The entries are to be written out again with no differences.

(Stored data entries)
[Start of Attachment]

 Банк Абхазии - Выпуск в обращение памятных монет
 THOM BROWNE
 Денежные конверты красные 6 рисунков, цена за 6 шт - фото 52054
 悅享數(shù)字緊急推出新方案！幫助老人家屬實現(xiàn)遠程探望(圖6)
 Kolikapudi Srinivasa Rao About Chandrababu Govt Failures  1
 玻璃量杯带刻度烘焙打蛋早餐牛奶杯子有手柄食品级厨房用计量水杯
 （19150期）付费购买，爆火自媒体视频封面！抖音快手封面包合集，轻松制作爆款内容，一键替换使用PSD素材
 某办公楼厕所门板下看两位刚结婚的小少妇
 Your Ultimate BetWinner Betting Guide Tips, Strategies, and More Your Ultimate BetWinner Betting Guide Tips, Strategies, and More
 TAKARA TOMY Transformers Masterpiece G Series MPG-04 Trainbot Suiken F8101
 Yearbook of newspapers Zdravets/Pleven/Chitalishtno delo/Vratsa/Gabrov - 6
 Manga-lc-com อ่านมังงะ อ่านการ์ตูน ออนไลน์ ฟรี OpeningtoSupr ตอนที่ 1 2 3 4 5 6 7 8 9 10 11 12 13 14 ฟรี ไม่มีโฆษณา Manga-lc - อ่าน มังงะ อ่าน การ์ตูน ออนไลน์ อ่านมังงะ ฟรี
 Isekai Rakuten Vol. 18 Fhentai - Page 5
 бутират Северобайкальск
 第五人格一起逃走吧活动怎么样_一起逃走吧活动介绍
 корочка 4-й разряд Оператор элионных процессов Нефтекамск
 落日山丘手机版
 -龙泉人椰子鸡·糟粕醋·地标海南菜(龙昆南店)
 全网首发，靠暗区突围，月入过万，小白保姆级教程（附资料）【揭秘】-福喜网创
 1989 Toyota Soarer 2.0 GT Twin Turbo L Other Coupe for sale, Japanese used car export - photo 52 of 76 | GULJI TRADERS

[End of Attachment]

SOLVED PROBLEM =>
 Банк Абхазии - Выпуск в обращение памятных монет
 THOM BROWNE
 Денежные конверты красные 6 рисунков, цена за 6 шт - фото 52054
 悅享數(shù)字緊急推出新方案！幫助老人家屬實現(xiàn)遠程探望(圖6)
 Kolikapudi Srinivasa Rao About Chandrababu Govt Failures  1
 玻璃量杯带刻度烘焙打蛋早餐牛奶杯子有手柄食品级厨房用计量水杯
 （19150期）付费购买，爆火自媒体视频封面！抖音快手封面包合集，轻松制作爆款内容，一键替换使用PSD素材
 某办公楼厕所门板下看两位刚结婚的小少妇
 Your Ultimate BetWinner Betting Guide Tips, Strategies, and More Your Ultimate BetWinner Betting Guide Tips, Strategies, and More
 TAKARA TOMY Transformers Masterpiece G Series MPG-04 Trainbot Suiken F8101
 Yearbook of newspapers Zdravets/Pleven/Chitalishtno delo/Vratsa/Gabrov - 6
 Manga-lc-com อ่านมังงะ อ่านการ์ตูน ออนไลน์ ฟรี OpeningtoSupr ตอนที่ 1 2 3 4 5 6 7 8 9 10 11 12 13 14 ฟรี ไม่มีโฆษณา Manga-lc - อ่าน มังงะ อ่าน การ์ตูน ออนไลน์ อ่านมังงะ ฟรี
 Isekai Rakuten Vol. 18 Fhentai - Page 5
 бутират Северобайкальск
 第五人格一起逃走吧活动怎么样_一起逃走吧活动介绍
 корочка 4-й разряд Оператор элионных процессов Нефтекамск
 落日山丘手机版
 -龙泉人椰子鸡·糟粕醋·地标海南菜(龙昆南店)
 全网首发，靠暗区突围，月入过万，小白保姆级教程（附资料）【揭秘】-福喜网创
 1989 Toyota Soarer 2.0 GT Twin Turbo L Other Coupe for sale, Japanese used car export - photo 52 of 76 | GULJI TRADERS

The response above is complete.